**What you have to do:** Each entry should be transcribed exactly as written, and any picture left out.
*** Dataset records ***
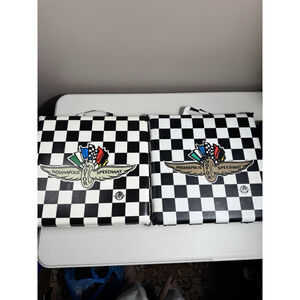 Indianapolis Motor Speedway 500 Racing Checkered Padded Seat Cushion Set Indiana
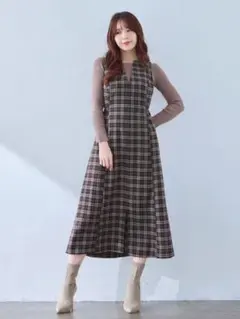 【美品】OVER E ポリニージャンパースカート ブラウンチェック 96サイズ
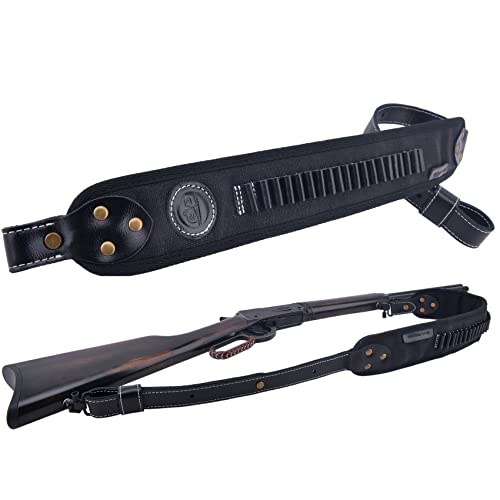 Leather Rifle Shell Holder Sling, Padded Canvas Gun Shoulder Straps (Black)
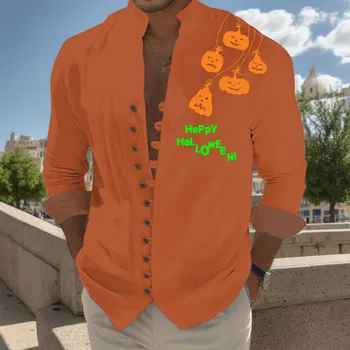 Счастливого Хэллоуина, мужские рубашки с 3D-цифровой печатью, топы со стоячим воротником и длинными рукавами, кардиган на пуговицах оверсайз в стиле хип-хоп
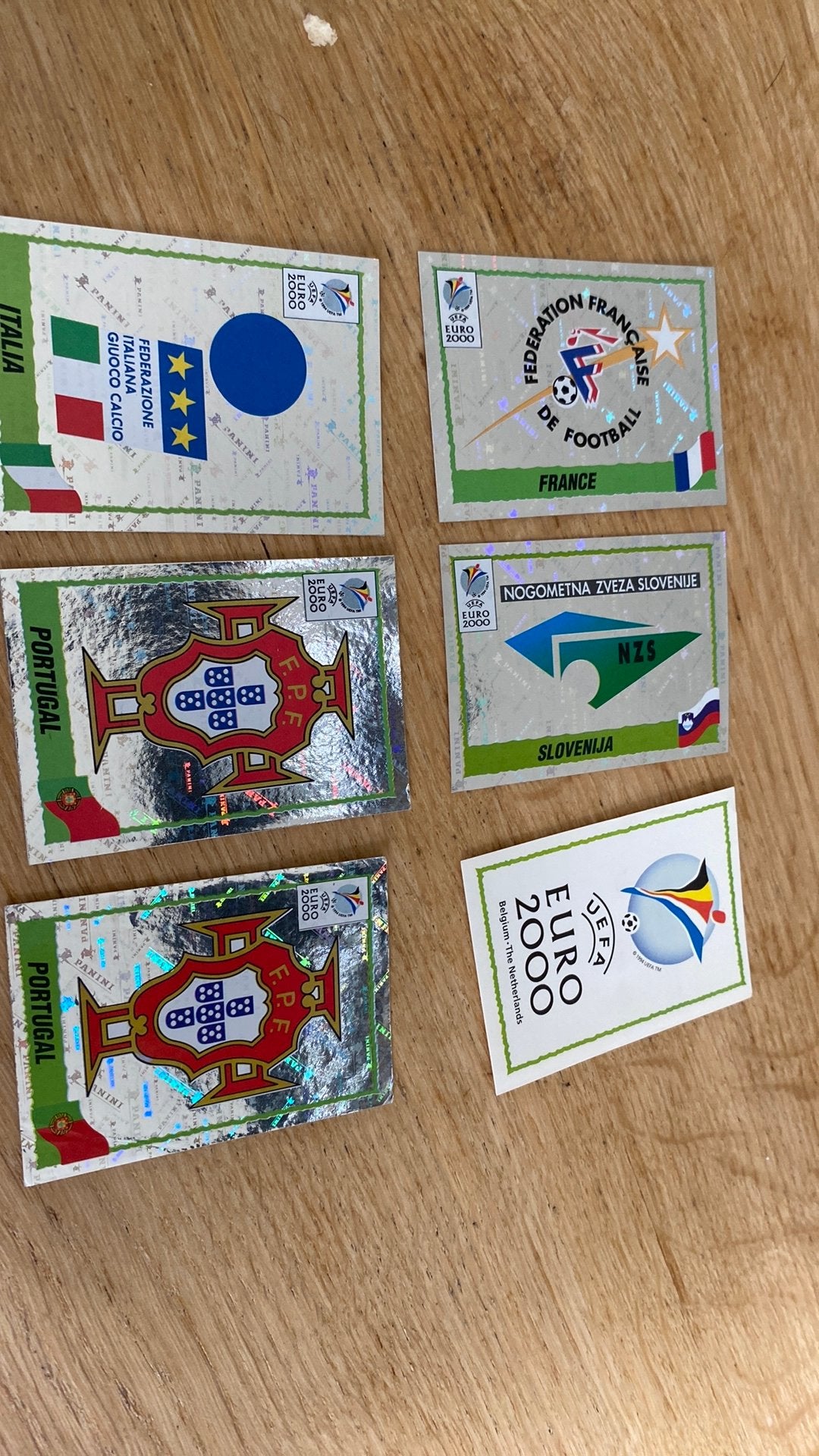 6 x Panini euro 2000, Verzamelen, Ophalen of Verzenden, Zo goed als nieuw, Buitenlandse clubs, Poster, Plaatje of Sticker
*** End of Dataset records ***
**Solution to the exercise:**
 Indianapolis Motor Speedway 500 Racing Checkered Padded Seat Cushion Set Indiana
 【美品】OVER E ポリニージャンパースカート ブラウンチェック 96サイズ
 Leather Rifle Shell Holder Sling, Padded Canvas Gun Shoulder Straps (Black)
 Счастливого Хэллоуина, мужские рубашки с 3D-цифровой печатью, топы со стоячим воротником и длинными рукавами, кардиган на пуговицах оверсайз в стиле хип-хоп
 6 x Panini euro 2000, Verzamelen, Ophalen of Verzenden, Zo goed als nieuw, Buitenlandse clubs, Poster, Plaatje of Sticker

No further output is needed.